I'm learning to do that.




I'm not a talker.

I'm a listener.

And a stuffer of my own thoughts.

Way deep down.




God is teaching me to open up and talk to Him.

That He won't be bored . . .

or rushed . . .

or irritated.




That talking to Him in an atmosphere of unconditional love and acceptance is healing.  

That letting Him know my deepest thoughts draws us close . . . 

just like any other healthy relationship.




He says, "Come close to me, and I will come close to you."  
(James 4:8)




And I have.

And He has.

And I'm beginning to see . . .




. . . that opening myself up in an atmosphere of perfect grace

can be the safest place in the world . . .

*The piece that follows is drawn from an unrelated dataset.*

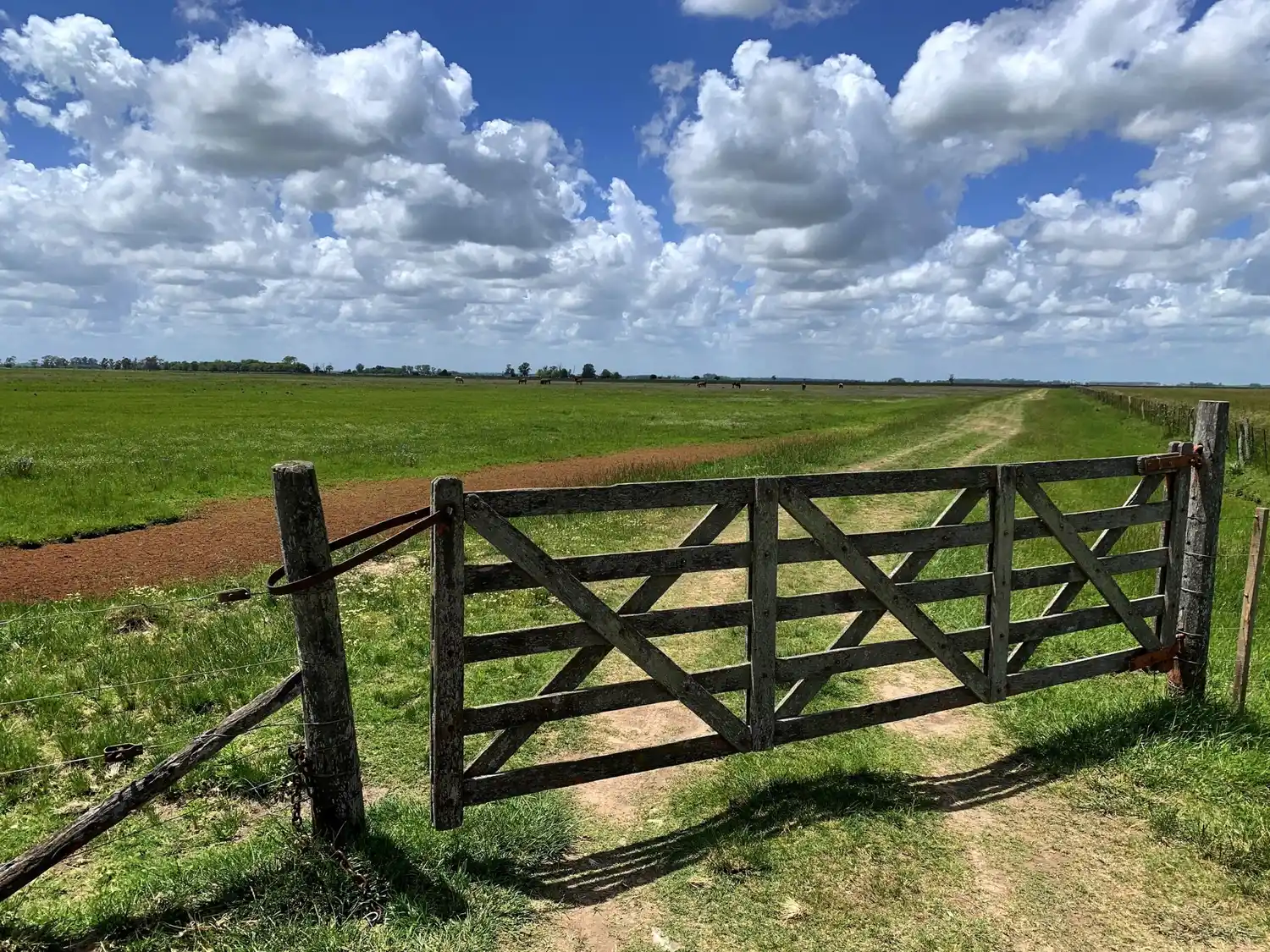 La actividad inmobiliaria rural en la Argentina alcanzó el mayor nivel de la última década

. . . and make these walks the best time of the day.







Thursday, April 5, 2012

In March???


Can you imagine the delight . . .




Of two girls . . . 




That can play in the sprinklers . . .




In March???

Sunday, April 1, 2012

Sharing Our Gifts

My friend Shay and I have an understanding.  She gets overwhelmed thinking about decorating her house, picking out fabrics, matching trims, finding accessories, etc.  So,  I help her.




Actually, I have no idea what I'm doing, but she makes me feel like I do, acting as if I have saved her decor, listening wide-eyed to my sage advice.

I don't have the heart to tell her I'm playing it by ear as we go.  I just bluff and pray hard that I don't waste her money . . . destroy her room . . . ruin her life.  It's a big responsibility.

And my gift to her.




I, on the other hand, get overwhelmed by anything non-human that grows.  Well . . . maybe not easy things like mold or mildew, but hard things like plants!!

This spring after I helped Shay pick out fabrics for her guest room; she reciprocated by determining to assist me in filling some planters for my back porch.

She's great at planters and ferns and perennial beds . . . basically anything rooted into soil.  This is her window box after planting.  Just wait until the end of the summer.  It will blow your socks off!!




I become a blubbering fool when walking in to a nursery and beginning to consider seasons of bloom, charting the light, matching up plants with similar water needs, dead-heading, fertilizing, and drainage.  Good grief, I haven't had to put that much thought into raising my children!!




She helps me pick out flowers.  She checks out the little plastic how-to-care-for tags.  She consults the sales assistants.  She talks me through my breathing when I begin to hyperventilate with the minutiae of it all.




She even taught me about the "thriller," "filler," and "spiller" principle of planting.  I thought she was a flat-out genius.  Until I learned that it's such a common concept that the plant companies have started tagging their plants with those designations.




She arranged my planters, trying to remain calm as I bumbled my way through planting.




Here it is . . . one of my two finished planters.  Dracena, lantana, upright geraniums, cascading geraniums, ivy, and asparagus fern.  Positively dreamy!

Now if all planets align, the sun rays come in at the right angle, and no one shakes the container, maybe they will actually survive and thrive.




And there is also the matter of remembering to water it! Children tell you when they're thirsty.  With plants, I'm somehow supposed to remember to do this on my own.

This summer, I must now keep me hydrated, keep children hydrated, keep pets hydrated, and now, somehow, keep these plants hydrated.  (More deep and slow breathing.)

Shay is confident I can do it.  She's like that.

I believe the dusty blue of the bedspread will go with the blue in her oriental rug . . . and that the lamp looks right . . . and that using antique kitchen scales as an accessory really is "in."

Sharing our gifts, believing in each other, cheering each other on.  It's the blessing of friendship.